JIT Compilation

JIT Compilation#

brainstate.transform.jit extends jax.jit with state tracking and extra control surfaces. This guide highlights how BrainState JIT differs from plain JAX JIT, when to prefer each API, and how to decompose modules with brainstate.graph.treefy_split or brainstate.graph.treefy_states.

import jax
import jax.numpy as jnp

import brainstate

Why BrainState JIT?#

brainstate.transform.jit understands State objects and automatically wires read/write traces into the compiled function. The returned object is a JittedFunction with helper methods such as compile, clear_cache, and origin_fun. Pure functions still work, but stateful modules are first-class citizens.

@brainstate.transform.jit
def softplus(x: jax.Array) -> jax.Array:
    return jnp.log1p(jnp.exp(-jnp.abs(x))) + jnp.maximum(x, 0)

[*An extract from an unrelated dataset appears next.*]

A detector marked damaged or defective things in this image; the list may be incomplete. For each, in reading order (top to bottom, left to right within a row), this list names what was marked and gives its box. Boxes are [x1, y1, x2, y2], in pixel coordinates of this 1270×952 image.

xs = jnp.linspace(-5.0, 5.0, 7)
softplus(xs)

Array([0.00671535, 0.03505242, 0.17300805, 0.69314724, 1.839675  ,
       3.368386  , 5.0067153 ], dtype=float32)

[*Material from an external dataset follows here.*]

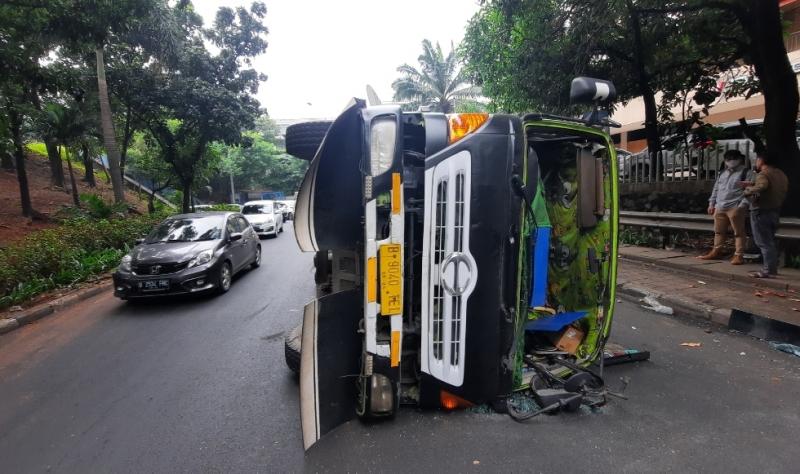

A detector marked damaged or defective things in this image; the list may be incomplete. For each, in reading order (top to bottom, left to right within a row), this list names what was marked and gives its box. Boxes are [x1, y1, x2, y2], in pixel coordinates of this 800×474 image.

overturned truck [284, 77, 620, 448]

Subsequent calls reuse the compiled executable. If you disable JIT globally (jax.config.jax_disable_jit = True), BrainState falls back to the original Python implementation automatically.

with jax.disable_jit():
    softplus(xs * 2.0)

Stateful modules with zero boilerplate#

BrainState keeps modules stateful inside compiled code. Below, a running-mean tracker updates hidden state at each call without any manual intervention.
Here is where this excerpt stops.